:: DIRECTIONS ::
Exactly as written, return every line of the data below apart from the pictures.

:: SOURCE MATERIAL ::
++++++
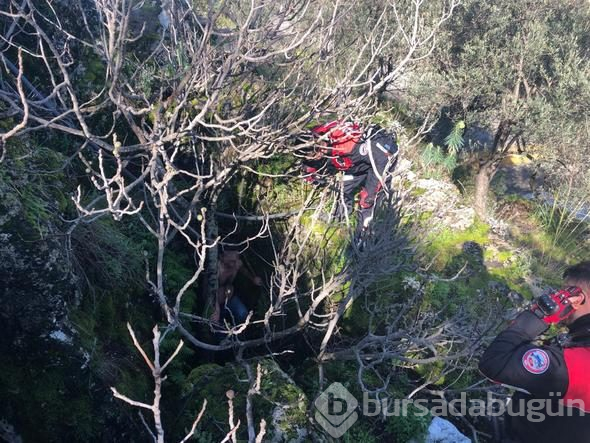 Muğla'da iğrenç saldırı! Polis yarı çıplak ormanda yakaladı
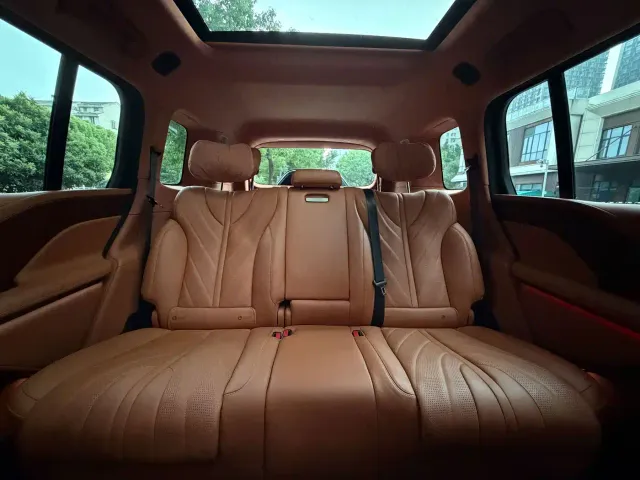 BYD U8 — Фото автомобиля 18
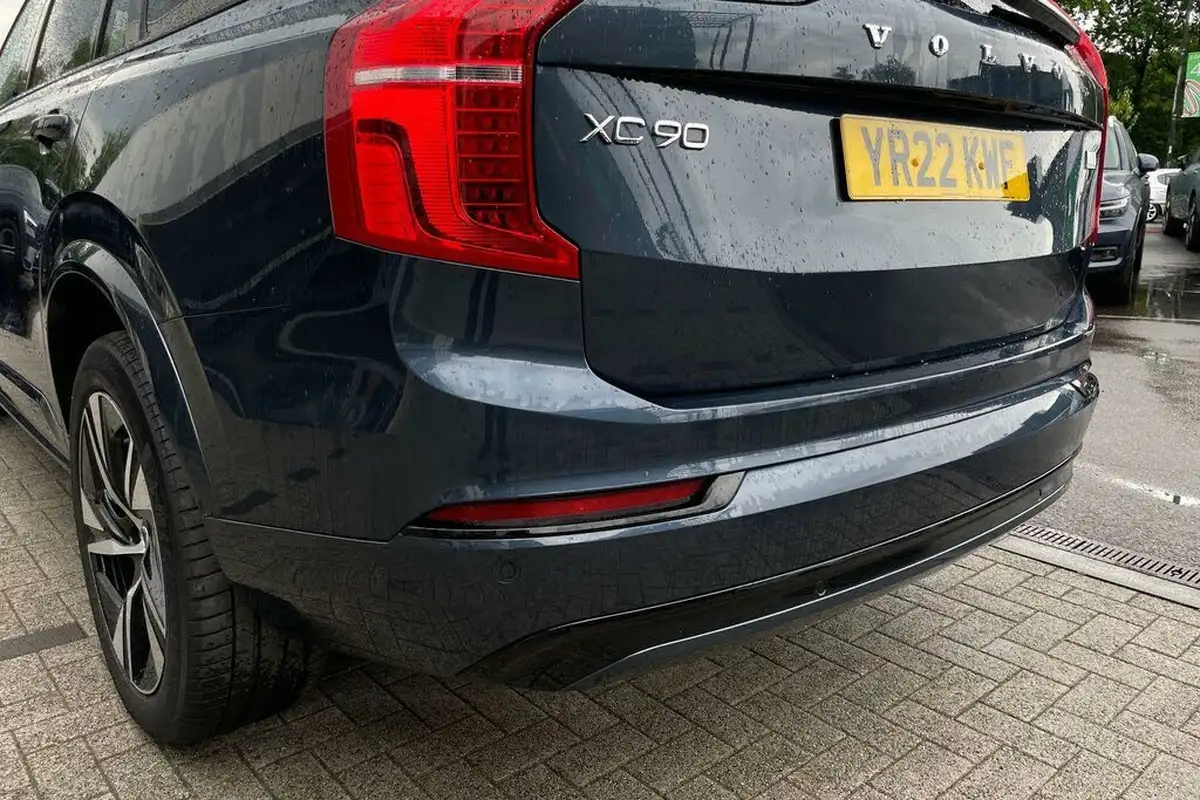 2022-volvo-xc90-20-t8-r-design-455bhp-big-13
++++++
:: RESPONSE TO THE TASK ::
 Muğla'da iğrenç saldırı! Polis yarı çıplak ormanda yakaladı
 BYD U8 — Фото автомобиля 18
 2022-volvo-xc90-20-t8-r-design-455bhp-big-13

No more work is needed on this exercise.